Ces nouvelles négociations, tenues de dimanche à mardi dans la capitale éthiopienne, ont «échoué en raison du refus persistant de l’Ethiopie, qui a caractérisé sa position au cours des dernières années, d’accepter toute solution de compromis technique ou juridique qui sauvegarderait les intérêts des trois pays», selon un communiqué du ministère égyptien des Ressources en Eau et de l’Irrigation.

L’Ethiopie «s’est efforcée et s’est activement engagée avec les deux pays riverains en aval pour résoudre les principaux points de divergence et parvenir à un accord à l’amiable», a répondu le ministère des Affaires étrangères dans un communiqué.

Addis-Abeba s’est également dit prête à «parvenir à un règlement amiable et négocié qui réponde aux intérêts des trois pays et attend avec impatience la reprise des négociations».

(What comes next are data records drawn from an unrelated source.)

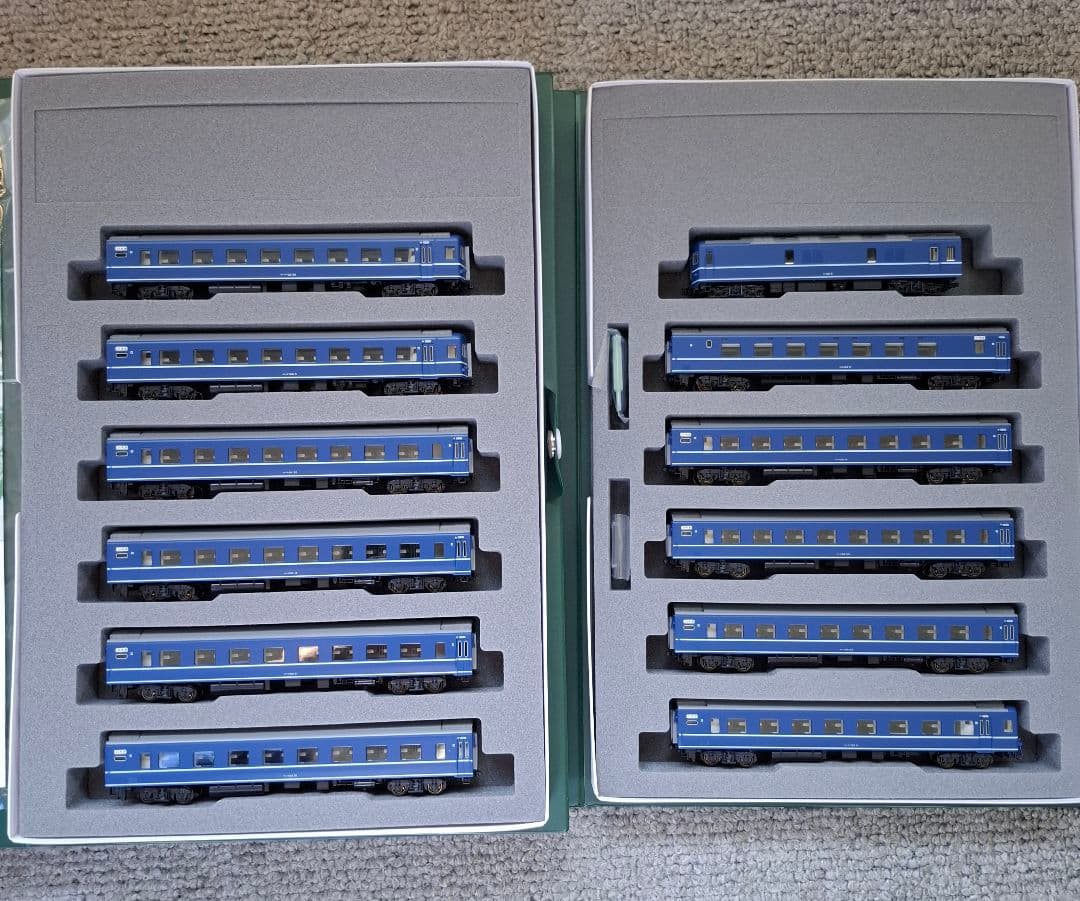 KATO 寝台特急「ゆうづる」24系　基本+増結12両セット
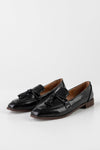 Loafers with tassels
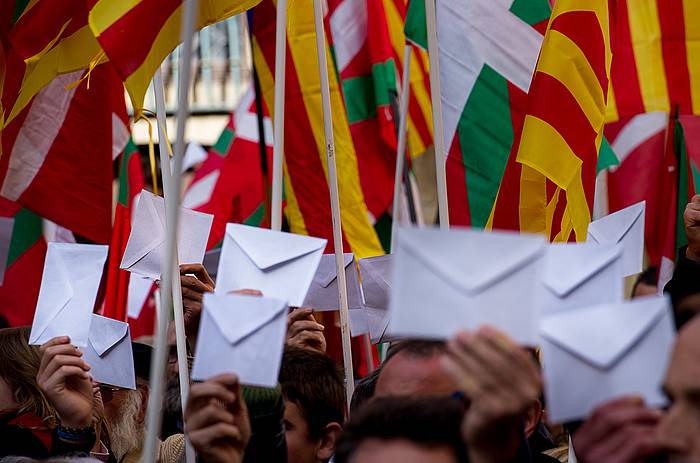 Banderak eta botoak sartzeko gutunazalak, Iruñeko bilkuran. IñIGO URIZ, ARGAZKI PRESS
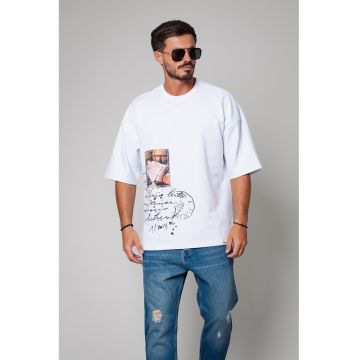 Tricou cu decolteu la baza gatului si imprimeu grafic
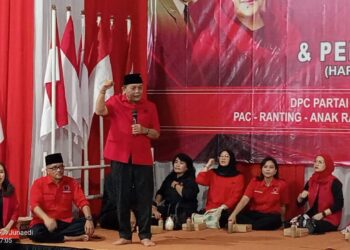 DPC PDI Perjuangan Kota Malang Bagikan Bingkisan Kepada Seluruh Jajaran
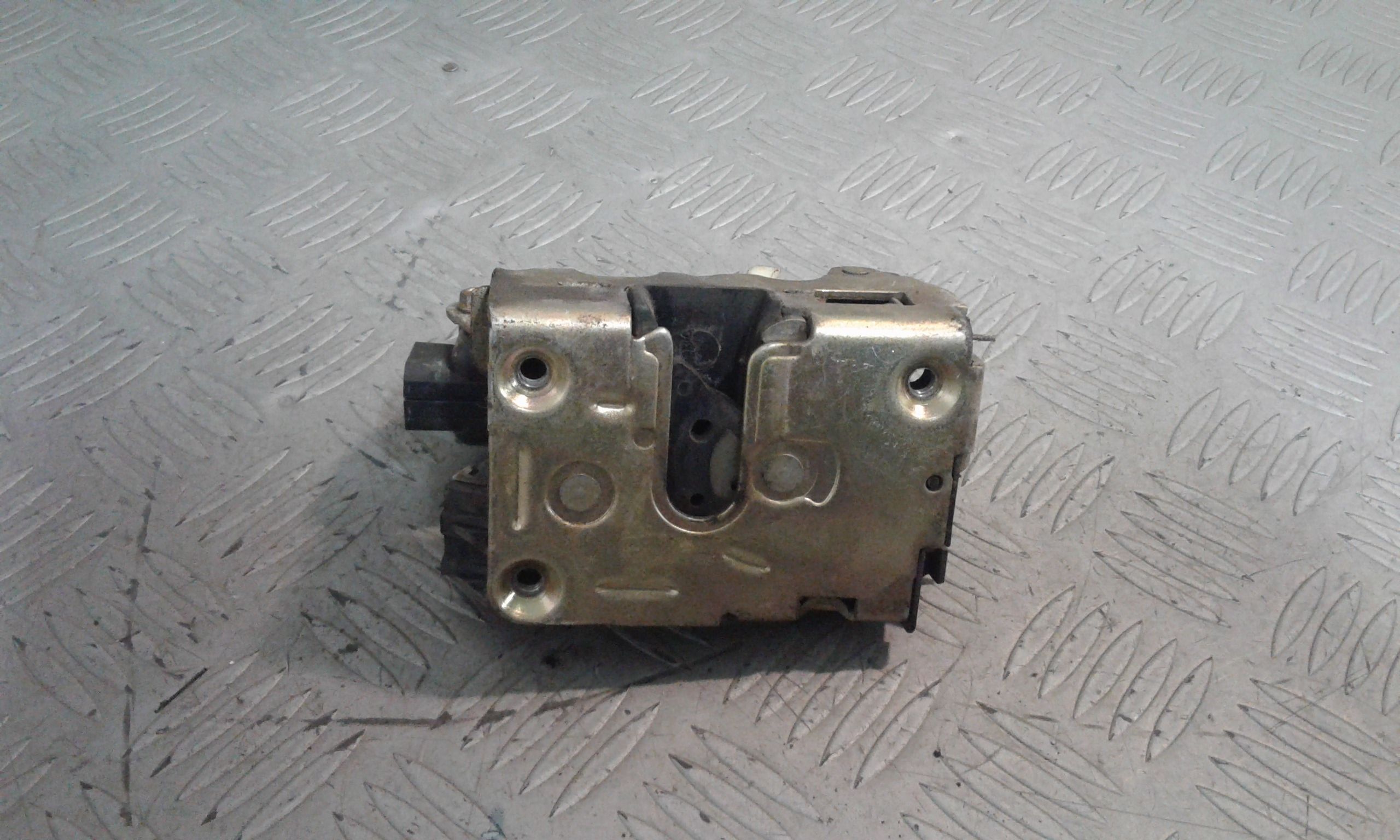 Serratura Porta Ant. Destro Usato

Entamée en 2011, la construction du Gerd a coûté environ 3,5 milliards d’euros à l’Ethiopie.

L’Egypte et le Soudan, situés en aval, considèrent ce projet comme une menace pour leur approvisionnement en eau. Ils ont vainement demandé à plusieurs reprises à Addis-Abeba de cesser de le remplir jusqu’à ce qu’un accord soit conclu sur ses modalités de fonctionnement.